Pros and Cons, and Conclusion
This is cheaper than buying a commercial shoulder rig if you already have the tripod or plan to buy one for double duties.
This is very easy to build and use and doesn’t require much parts.
- This camera shoulder rig still retains its ability to be a tripod or monopod. You do not need to carry two main pieces of camera gear around with you but just the shoulder rig conversion parts.
- It is adjustable and has various holding positions.
- You are able to attach various camera accessories to it using the crossbar pole.

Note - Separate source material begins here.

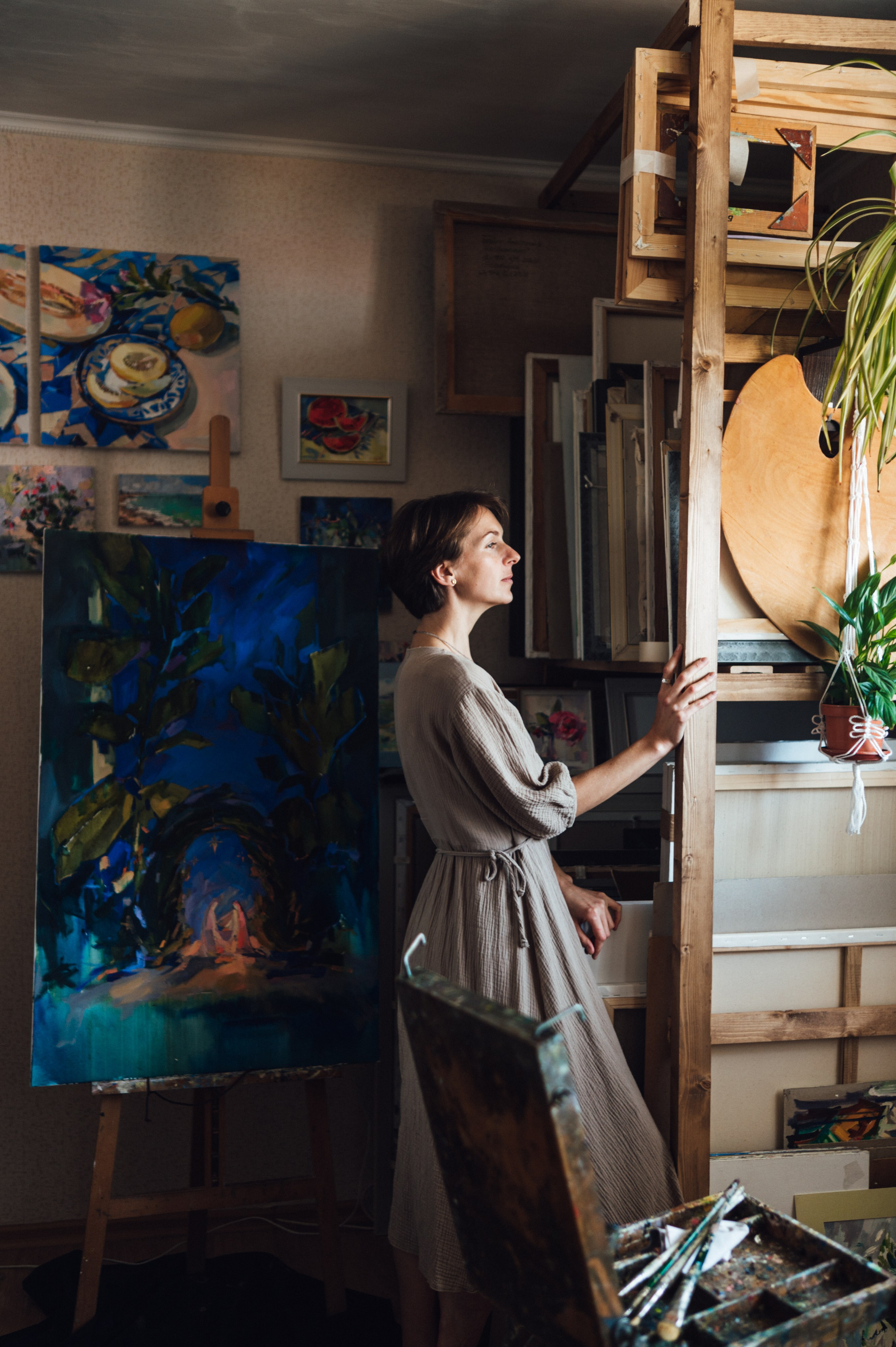 Анастасия. Фотосессия для художницы. Мария Кобзева, фотограф в Ялте, Крым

Eg. monitors, portable light, audio recorders, clamps, etc.
- The tripod head can be interchangeable with other tripod heads.
- This shoulder rig works like any other shoulder rig that I have seen. It improves stability as compared to handheld shots.
- Multiple holding positions on the front tripod legs for comfort.
- The pole extension for the tripod head that is in the middle of the tripod can be used as a handle for single hand held shots whilst your other hand do other things like focusing or adjusting settings on the camera or audio recorder. It does get tiring quickly when you have a lot of camera gear mounted and you are using the Tripod Shoulder Rig with one hand only.
- There is not much items needed to convert a tripod using this set-up.
- It gave better balance and grip for handheld type shooting.
Not cheaper if you have to go out and buy a tripod just for the purpose of converting it into a shoulder rig. It is also time consuming to build and does not look as professional as a commercial camera shoulder rig.
After prolong use my hands, arms and shoulder do get tired, even when alternating positions but I would say that using a shoulder rig is better than going handheld only. The issue with the shoulder pad and clamp as a shoulder hook is a major issue for prolong use. As mentioned before, using it on your shoulder with the pipe insulation as shoulder pads is like knuckles digging into your shoulder after a while or doing squats at the gym using a weighted bar. Also using a spring clamp as a shoulder hook causes soreness and pinching, but both these issues could be minimized with better padding and design.
My DIY Tripod Shoulder Rig looks pretty good to me, I have no shame in using it out in public or with clients. Some professionals may feel the opposite and feel embarrassed to use this device because it is obvious that it is a customised tripod being used as a shoulder rig, but the question is, does looks really matter if it can produce the similar results as a commercial version?
I found converting my tripod into a shoulder rig to be the most costs effective way of obtaining a shoulder rig in my set-up. It was quick and easy to make and it improved my handheld shots. The shoulder rig gave me the ability to shoot for longer periods at a time and it provided space for me to attach my camera accessories to. The only issues I have with my tripod shoulder rig is that the tripod I used is made of carbon fibre and my shoulder pad and shoulder hook section needed improvement to make it more comfortable.